Come tradizione, la scelta della Pirelli per quanto riguarda le mescole delle gomme slick è caduta sul tris più morbido a disposizione quest’anno, vale a dire quello composto dalla C3 come Hard, dalla C4 come Medium e dalla C5 come Soft. Come quasi sempre accade sui tracciati cittadini, che hanno un asfalto particolarmente liscio visto che viene normalmente utilizzato quotidianamente dalle vetture stradali, i pneumatici devono poter offrire la massima aderenza possibile.
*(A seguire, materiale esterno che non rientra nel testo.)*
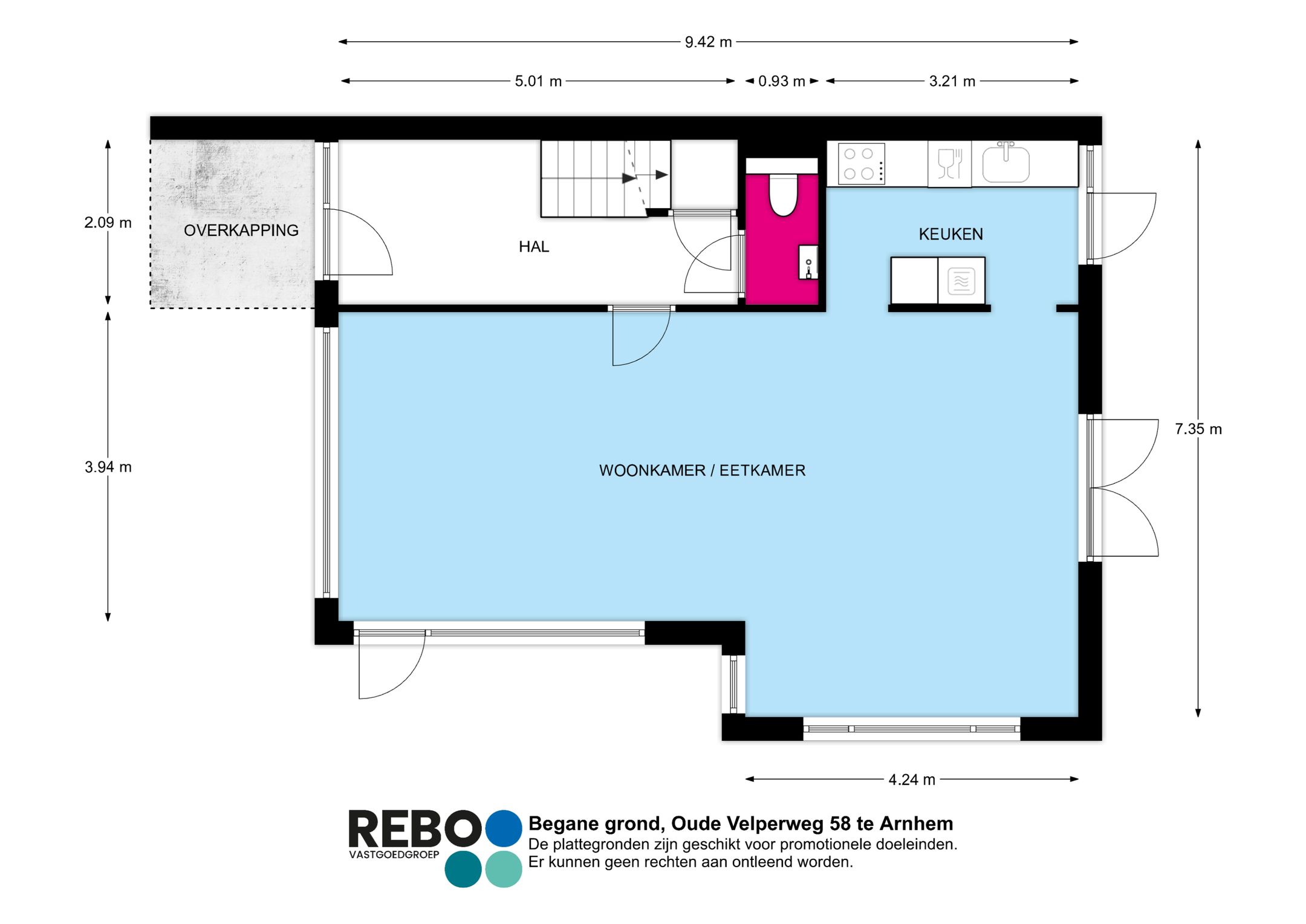 Foto 39 van Oude Velperweg 58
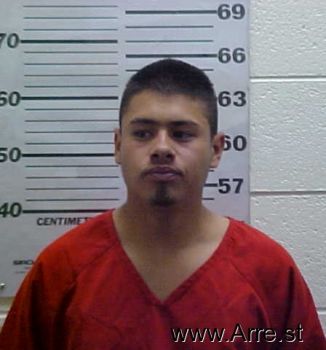 Daniel Edgar Chavez Mugshot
La gara di Monaco è quella dove le forze cui sono sottoposti i pneumatici sono fra le più basse di tutta la stagione perché la velocità media con cui vengono completati i 3,337 metri di lunghezza del tracciato è molto ridotta, con curve che vengono affrontate anche a meno di 50 km/h e soltanto per circa il 30% del giro viene percorso in pieno. Peraltro, il fatto che siano ben 78 i giri previsti la domenica determina una frequenza decisamente superiore alla media di ogni fenomeno che caratterizza il comportamento dei pneumatici, in particolare per quanto riguarda la densità dell’energia sviluppata in fase di trazione. Un altro fattore da tenere in considerazione nell’analisi delle gomme è il graining che, soprattutto i primi giorni, potrebbe essere un ospite non particolarmente desiderato.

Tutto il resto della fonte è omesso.